Se o futuro da humanidade dentro do realismo capitalista se esgota em um cataclismo lento, é necessário considerar as formas atuais com que o indivíduo se relaciona com a vida para criar uma ruptura nelas. Na cadeia de significantes que se estrutura na psique das pessoas dentro do capitalismo atual, devem ser produzidas ressignificações simbólicas que abram o panorama para uma práxis humana diferente daquela que leva ao cancelamento do futuro.
Nesse sentido, o que emerge não é apenas uma crítica da economia ou da política capitalista, mas também uma mudança na forma como ela conduz e manipula o ‘desejo’ das pessoas.

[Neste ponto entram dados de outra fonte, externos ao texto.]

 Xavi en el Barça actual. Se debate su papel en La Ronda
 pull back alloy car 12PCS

Esse último aspecto deve ser considerado, pois o capitalismo, no final das contas, nada mais é do que um sistema que, em sua essência, pensa em uma ontologia da liberdade em sua relação com o desejo, uma relação que leva a uma visão na qual todo sujeito capitalista é um conquistador que deve triunfar sobre os outros, não importa o que aconteça; é a ideia do desejo pessoal que se impõe ao mundo.
Aqui devemos nos lembrar da cena de Scarface, em que Tony Montana lê em um dirigível a frase: “The world is yours –O mundo é seu“; no final, é isso que acontece no âmbito de uma sociedade que concebe a vitória pessoal como o resultado de uma guerra de todos contra todos e que reduz as realizações a meras conquistas egocêntricas, medidas e valorizadas na medida em que estão associadas à capacidade de consumo; todos querem tornar o mundo seu, mas não podem ser todos possuidores do mundo; esse é o impasse do capitalismo, que Scarface retrata com perfeição.

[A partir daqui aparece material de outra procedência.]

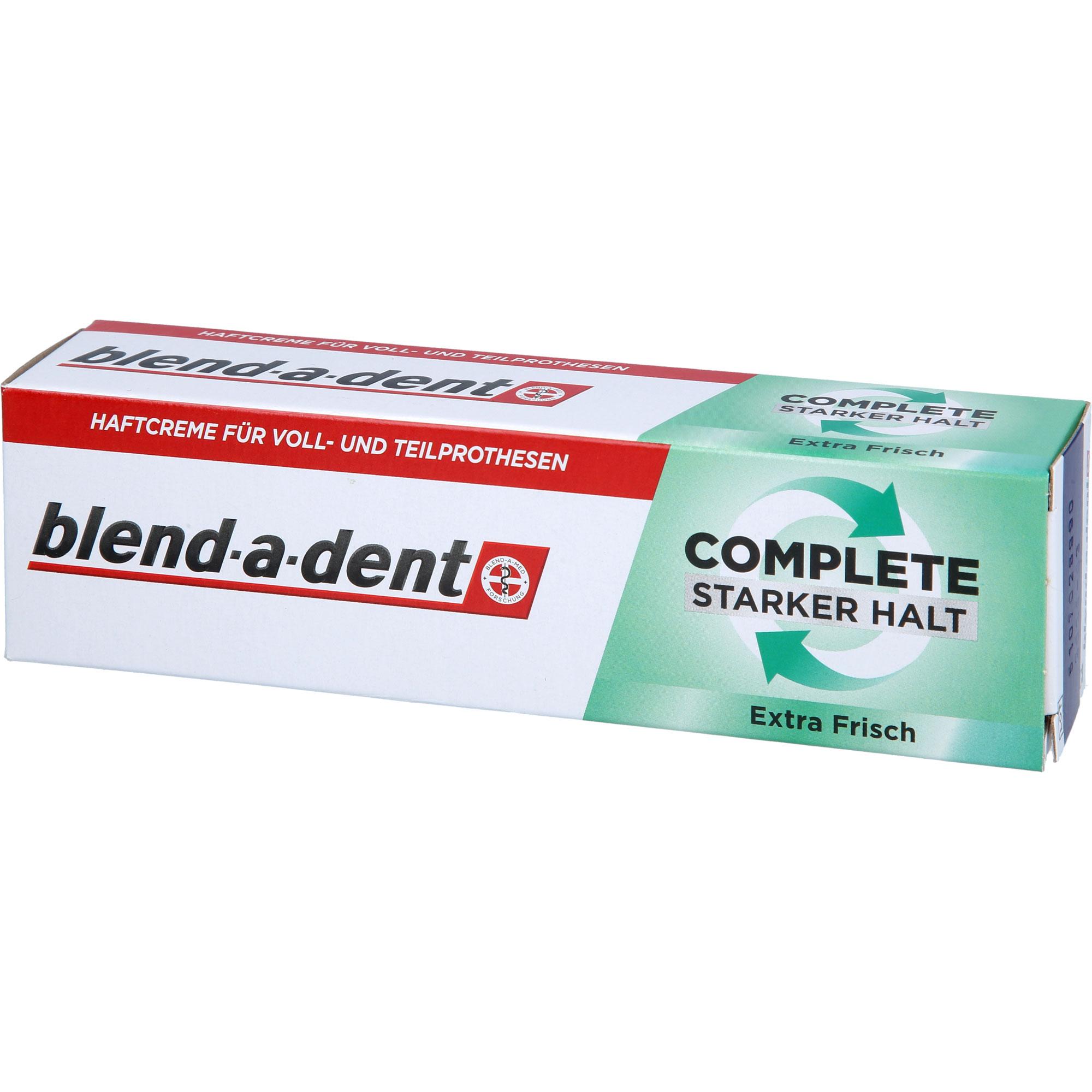 Blend-A-Dent Haftcreme Complete Extra Frisch 47 g WICK Pharma - Zweigniederlassung der Procter & Gamble bei onfy.de kaufen 19683680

É por isso que Trump é o que melhor representa essas figuras do capitalismo tardio, os seres humanos transmodernos, porque em um mundo que está desmoronando nas mãos de seus habitantes à medida que os dias passam, alguns acham que a melhor solução é lutar uns contra os outros e desfrutar ao máximo até que o apocalipse chegue, ignorando que quando o fogo chegar às portas das casas, elas também arderão com aqueles de nós que ficaram sem pagar pela viagem a Marte.
É aqui que a esquerda deve começar a pensar o desejo como o objeto de sua crítica, uma crítica libidinal que pense o desejo como o núcleo da ontologia que o libertarianismo conservador vende. Buscar um desejo que resgate a humanidade em sua bondade para com o mundo e sua empatia pelos outros, e não apenas como empresários que não têm medo de afundar o outro para ter sucesso. Essa ‘sociedade do desejo’: “Não será uma sociedade de desordem e pura expressão brutal. Pelo contrário. Observemos a nova sensibilidade das pessoas, a grande doçura, a nova doçura que não tem nada a ver com a brutalidade falocrática de outras épocas” (Guatarri et al., 2022, p. 83).

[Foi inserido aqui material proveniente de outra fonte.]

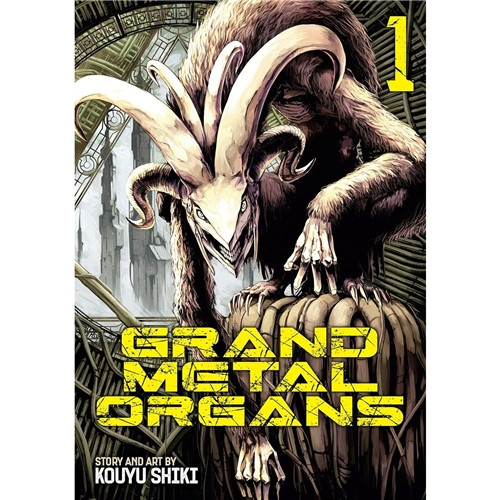 GRAND METAL ORGANS SC VOL 01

Juan David Almeyda Sarmiento é estudante de doutorado em filosofia da Universidade Federal de São Carlos. Pesquisador e professor da Universidade Industrial de Santander (Bucaramanga-Colômbia), assim como integrante de vários grupos de pesquisa do Brasil.
Bibliografia:
Baudrillard, J. (1991). Simulacros e simulação (M. Costa, trad.). Lisboa: Antropos.
Fisher, M. (2018). Realismo capitalista: Não há alternativa (C. Iglesias, trans.). Buenos Aires: Caja Negra.
Guatarri, F., Berardi, B. e Bertetto, P. (2022). Felix Guattari. Desejo e revolução (V. Lima, trad.). São Paulo: sobinfluencia edições.
Jameson, F. (1991). Postmodernism or the cultural logic of advanced capitalism (J. Pardo, trans.). Barcelona: Paidós.
Jameson, F. (2002). The political unconscious: Narrative as socially symbolic act (O inconsciente político: a narrativa como ato socialmente simbólico). Nova York: Routledge.
Marx, K. (2011). O 18 brumário de Luis Bonaparte (N. Scheneider, trans.). São Paulo: Boitempo.
Zizek, S. (2011) Welcome to interesting times (Bem-vindo a tempos interessantes) (V. Ruiz e M. Souza, trad.). La Paz: Vicepresidencia del Estado Plurinacional de Bolivia.
[1] Ou seja, dentro desses espaços virtuais, não necessariamente digitais, descritos por Baudrillard (1991), nos quais a realidade é borrada em um panorama de representações do que existe.